The spacious dry landscape garden
    Feeling refreshed, I went on to the lobby, where the high glass walls ensure that your view is never obstructed. Outside there is a huge dry landscape garden. I had never seen such a spacious dry landscape garden before and for a while felt completely overwhelmed. I tried standing near the glass window, moving away from it, and sitting down, but for some reason I could not settle. 
The garden just makes you want to keep changing your position.The awe-inspiring feeling of spaciousness does not come just from the garden itself, either. The mountains in the background, centering on Mount Katsuyama, seem to blend wonderfully with the garden scenery. Apparently the owner of the museum has obtained promises from the people who own the surrounding mountains that not a single utility pole should be erected there.

    On the right Mount Kikaku, with its impressive yellowish rock face, looms behind the pine trees. The waterfall flowing down from this mountain was apparently built artificially so as to harmonize with the landscape garden. The founder endeavored to reproduce his beloved world of nihonga in the gardens, putting theory into practice as it were. The resulting delicacy and dynamism are truly awesome.

The landscape gardens reproduce the world of Japanese-style painting.

This cutout makes the garden look just like a hanging scroll.

     Farther along there is a place where visitors are almost automatically stopped in their tracks. It is a scene of the garden framed by a window. Be it a dry landscape garden or a white gravel and pine garden, a sliver cut out in the shape of a window frame or alcove radiates a completely different kind of elegance from that of the overall view. Quite unlike the beauty of the overall garden blending with nature, this scene has the beauty of a painting in which the silhouettes of the trees in the foreground create a special accent and perspective and more emphasis is given to light and shade.

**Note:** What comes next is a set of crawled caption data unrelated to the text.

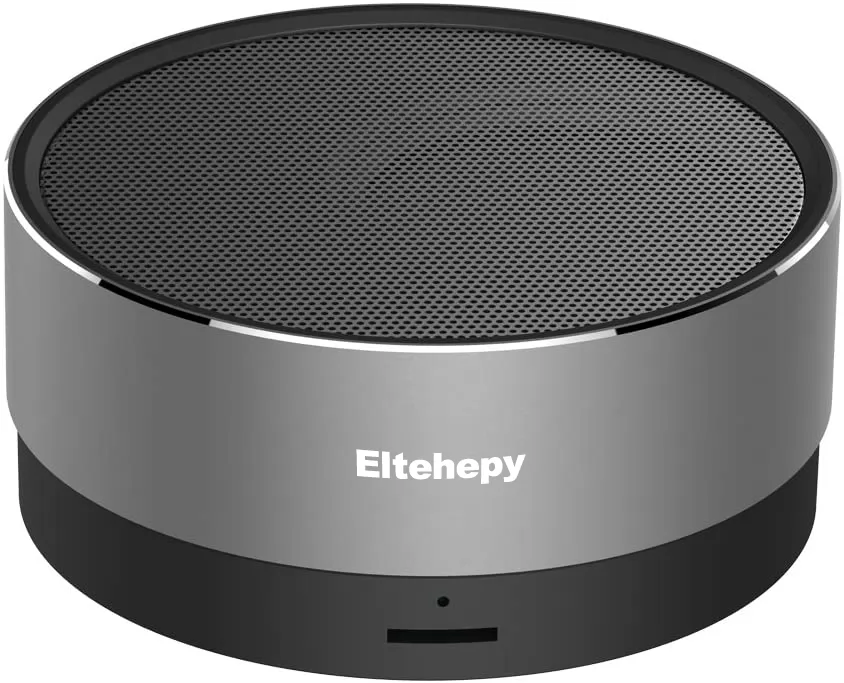 Eltehepy T10 Metal Mini Portable Wireless Bluetooth Speaker 10-15 Hours Playtime 5W Loudspeaker Outdoor IPX5 Waterproof AUX TF MIC
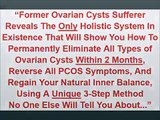 Ovarian Cyst Miracle The Holistic Ovarian Cyst Treatment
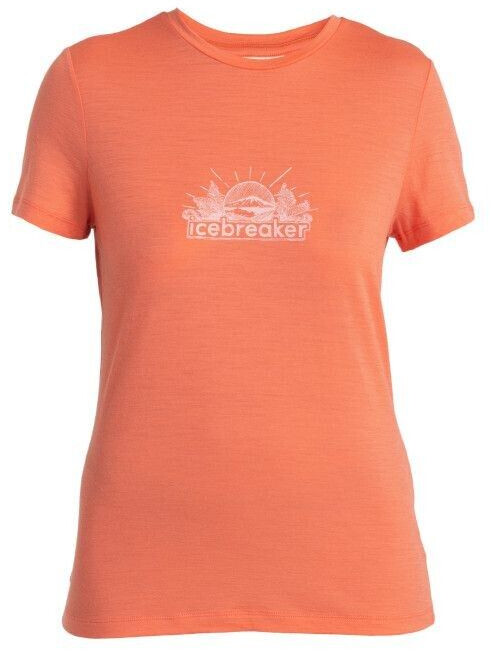 Icebreaker Merino Tech Lite III SS Tee IB Grown Naturally tang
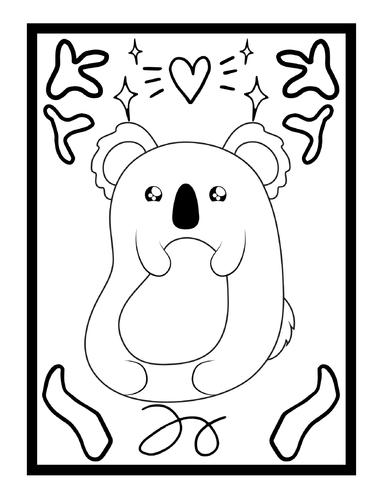 Adorable Baby Animals Coloring Pages For kids, Funny Animals Coloring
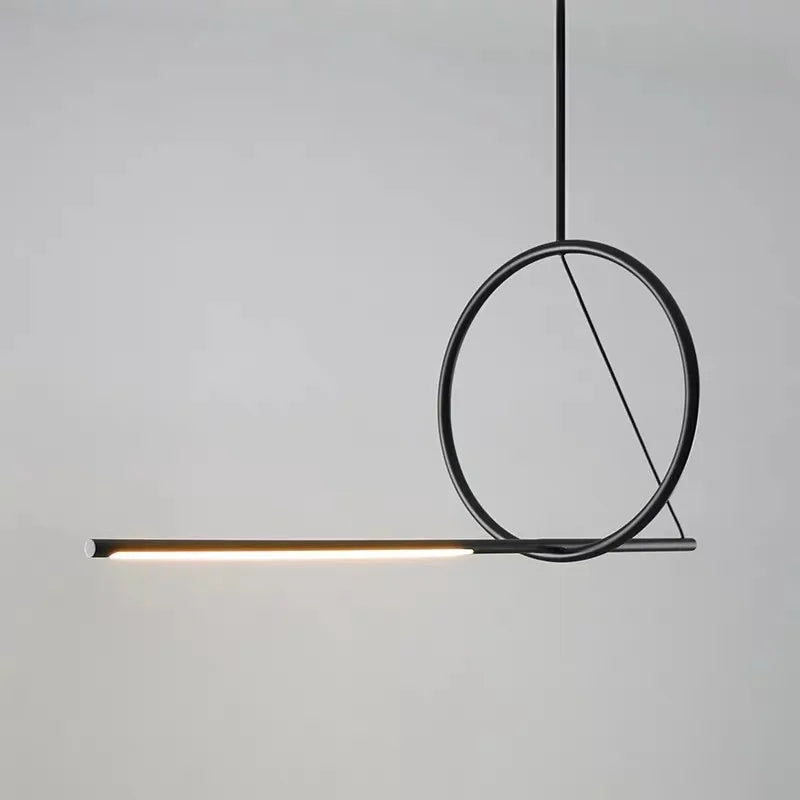 Decorbites™ Art Line LED-Kronleuchter Schwarz-Eisen-Hängeleuchte für Esszimmer Küche Bar
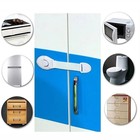 Child Safety Strap Locks 10   pack Adjustable Cabinet   Drawer Baby Proofing Locks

    In the innermost part of Adachi Museum of Art there are two more quite different gardens, which, unlike the other gardens, visitors go outside to admire. On the left side of the course there is a pond garden, where red and gold carp swim around happily in the abundant spring water. This garden is just as soothing as the dry landscape garden or the moss garden, but in a more moisturizing way. It makes you realize that like trees and greenery, water has a healing effect on the soul as well.

The pond garden lubricates the mind.

     Turning right along the course, there is a garden of stones and pine trees set out on white gravel. The white gravel accentuates the pine trees, and the superb arrangement of stones creates a shady atmosphere. It is said that this garden is a recreation of the world depicted in Yokoyama’s masterpiece Hakusa seisho (The Beautiful Pine Beach).

    Finally, after enjoying the sense of liberation that comes with being outdoors and feeling even more the blessings of nature, I went up to the exhibition room on the second floor to enjoy the world of nihonga. The idea of guiding visitors through the gardens first and then into the world of nihonga is superb.